The May 6 editorial “Erasing Ukraine” hit the nail on the head. The root of the problem lies in history. Kyivan Rus, the 9th-to-12th-century state, with its capital in Kyiv, included much of the territory of present-day Ukraine and parts of Belarus and Russia. At that time, there was no Moscow, until a Kyivan prince founded it in 1147 and gave rise to Muscovy. Ancestors of present-day Ukrainians brought Christianity, literacy, literature and philosophy to neighboring Muscovy and for many years provided it with bishops and teachers.
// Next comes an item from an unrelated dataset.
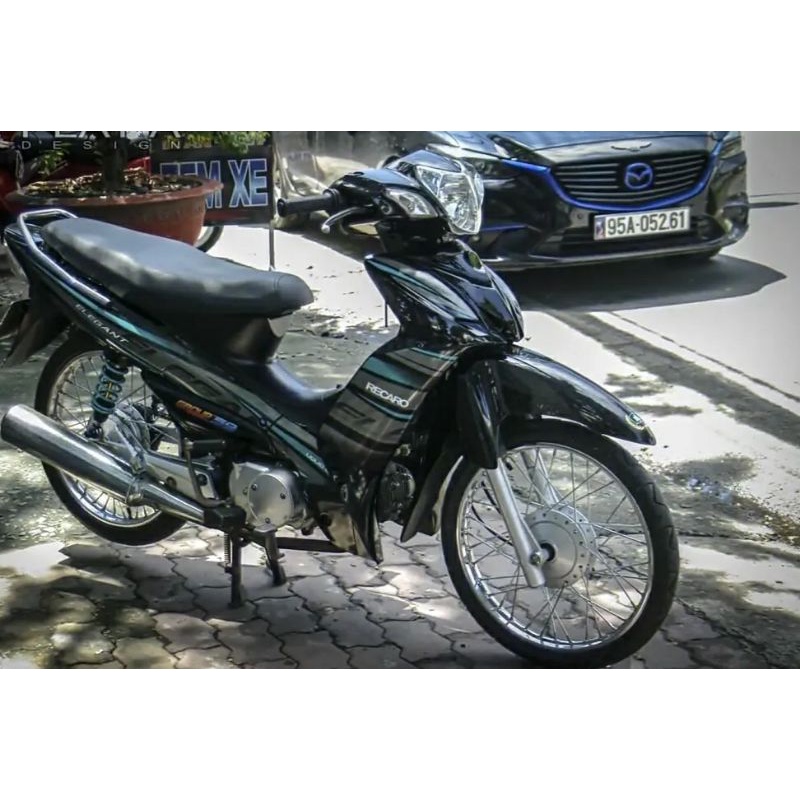 Tem rời Elegant xanh xám nền bóng dán xe đen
All of this must have weighed heavily on Muscovite czars through subsequent ages. After the Mongol siege of Kyiv and surrounding areas in 1240, Kyivan Rus had a hard time trying to get back on its feet. Czar Peter I grabbed the ancient name Rus from the former Kyivan Rus state and applied it to Muscovy. In 1708, Peter I decided to punish the Ukrainian leader, Hetman Ivan Mazepa, for trying to keep Ukraine independent, and fought against him in the Battle of Poltava the next year. In the early 2000s, an archaeological dig in Baturyn found remnants of that savage massacre: skeletons of men, women and children with bullets in their heads. Makes one think of today’s Bucha.
The Mongol ruler Genghis Khan would have been very proud of his successors Peter I and Russian President Vladimir Putin for the barbaric manner that they both used so intensely (and unsuccessfully!) in their attempts to erase Ukraine and Ukrainians. Ukraine has a right to exist and to thrive.